Like my bro's MX-6GT or Probe GT(about 180HP, 200+FT LBS). We've raced many people, some times around corners(at a stop light with a double left turn onto another road). While cornering that inside wheel loses traction and spins. This is also in part to, simply put, Subaru's AWD slogan inverted(creating the phrase "from the wheels that grip to the wheels that slip"). Power tends to go to the place of least resistance, only corrected by a traction control system, such as a locked differential or electronicly controlled system, that forces power to be outputed through the drive wheels equally.

And I now realise that this post is pretty damn long, so I'm done. Hope it makes sense to you Eddy. :)
Ah! Thanks Maz! :)
 
Originally posted by MazKid
Nope, not at all.

It has to do with wieght distribution and weight movement(there's another term for it, but I don't remember it).

Moment of Inertia: an object will rotate around an axis determined by the center of gravity. If that object is unevenly balanced (FF cars), it will rotate around the off-centered center of gravity (which in an FF car, will be the way you probably want to turn). If the object is evenly balanced (FR), the object will rotate around the true center of the object (which will probably spin you out).

http://hyperphysics.phy-astr.gsu.edu/hbase/mi.html


The other problem with FF cars is torque steer. This happens because the FF drivetrain takes up a lot of space, leaving less room for the engine. An easy way to get around this problem is mount the engine sideways. This then creates an issue with uneven length axles to the front wheels:

0--#----0

[...'0' are tires and '#' is the engine output.] Since the axles are not even, the tires will not spin at the same rate. Put a lot of power to these wheels and dump the clutch and the car may want to take a turn towards the long axle (it's turning slower, and the short axle faster; path of least resistance, remember?). This also makes the steering wheel squirm in your hands, giving you an uncomfortable feeling about the car. ;) Similar things happen during high-speed cornering.

The easiest way to combat this is with a limited-slip differential.(*) This basically reverses the trend of "path of least resistence". But that's often expensive, and the cheaper way is to simply use less powerful engines.

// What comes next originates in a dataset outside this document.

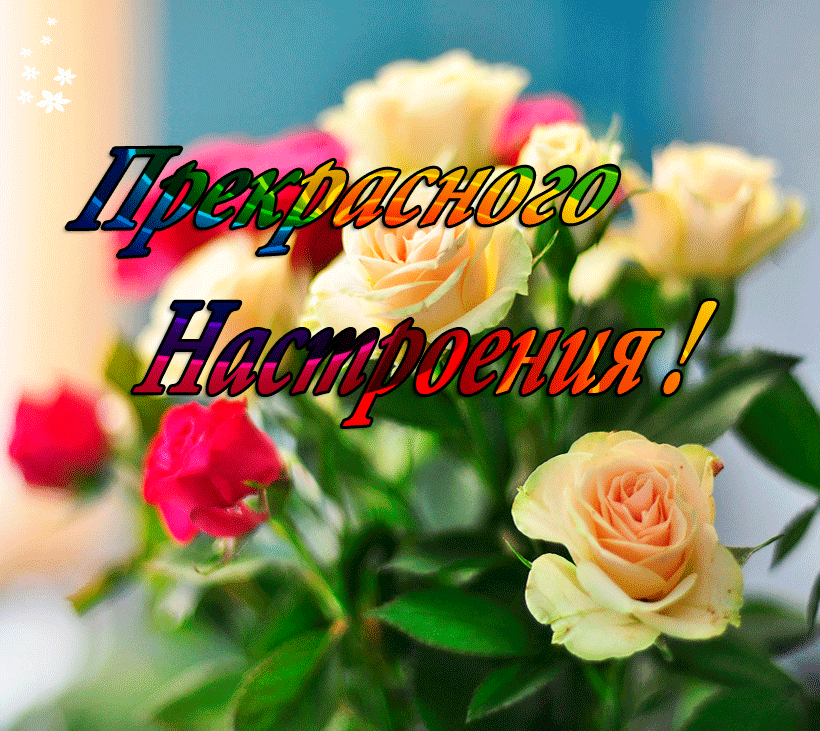 �����, ��� ��������, gif - ������� ������! ����������� ����� ...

(*)http://www.howstuffworks.com/differential.htm
 
There's another major afctor, too, and that's torque steer.

In factm ever since the CV joint was created (neccessary in order to use the fornt wheels to steer and power the vehicle), manufacturers have nee battling torque steer. It has only been in the last 10 years or so that it's really been under control. If you had an old Escort or something with 250hp, it would be nearly undriveable from a stop.

Basically, torque steer is a side effect from driving the same wheels you use to steer. The rotational movement of the wheel acts like a gryoscope. If you've ever held a gyro while it's sipping, you'll notice it wants to pull to one side. The wheels try to do the same thing, in a way. The more power you put to them, the more they want to pull. Next time you drive a hi-po FWD car, try flooring it without holding the wheel (okay, only try this in an empty lot). It will jerk all over the place. That's torque steer.

You try to put a 500hp V8 in a car with stock manufacturer front suspension & axles, you will literally rip the wheels off.